Risk Factors for Immune Reconstitution Inflammatory Syndrome after Starting Antiretroviral Therapy

By Liz Highleyman

Immune reconstitution inflammatory syndrome (IRIS) is a complication caused by reactivation of the immune system that can occur after starting antiretroviral therapy. Typically, IRIS presents as a flare-up of symptoms when the recovering immune system begins to respond to an existing infection, for example, tuberculosis (TB) or cytomegalovirus (CMV).

IRIS occurs in an estimated 10% to 40% of HIV patients (based mainly on retrospective studies), and is more common in those who had a very low CD4 cell count before starting therapy.

IRIS may contribute to the increased risk of death that remains after starting ART in patients with advanced HIV disease, and due to concern about IRIS, some clinicians have favored deferring ART until after opportunistic infection (OI) treatment.

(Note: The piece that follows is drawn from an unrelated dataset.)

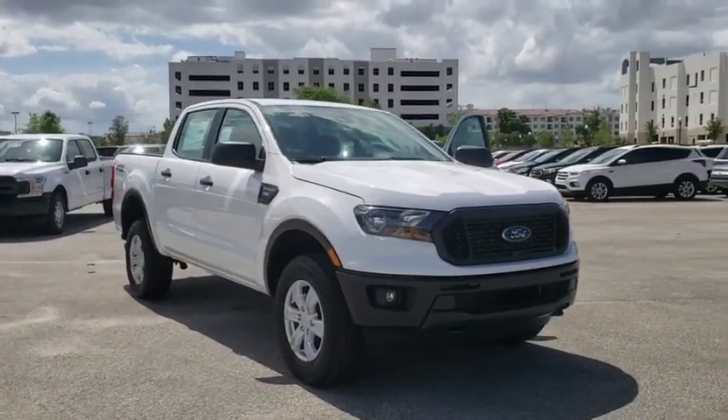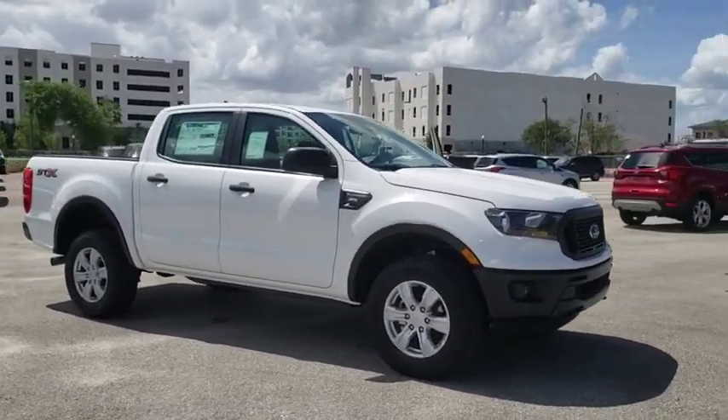This vehicle has less than 100 miles. Here are some of this vehicle's great options.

However, few prospective studies have evaluated risk factors for IRIS and mortality in this setting.

As reported at the 16th Conference on Retroviruses and Opportunistic Infections (CROI 2009) last month in Montreal, Philip Grant from Stanford University and colleagues with the ACTG A5164 study team looked at risk factors for IRIS and mortality in patients with acute OIs who received either early or deferred antiretroviral therapy.

As reported at last year's CROI, in ACTG A5164, a total of 282 HIV patients with opportunistic infections (excluding TB) were randomly assigned to either start early ART at study entry or to delay ART for at least 28 days while OIs were treated.

At study entry, participants had advanced HIV disease, with a median baseline CD4 cell count of 29 cells/mm3, HIV viral load of 5.07 log copies/mL, and most had not previously taken any antiretroviral drugs. Pneumocystis pneumonia (PCP) was the most common OI (64%), followed by bacterial infections and cryptococcal infection (15% each).

Results

During the study period, 23 participants (8.2%) died.

20 participants (7.6%) developed IRIS, after a median of 33 days on ART:

8 of 135 patients (5.9%) in the early ART arm;

12 of 127 patients (44.4%) in the delayed ART arm.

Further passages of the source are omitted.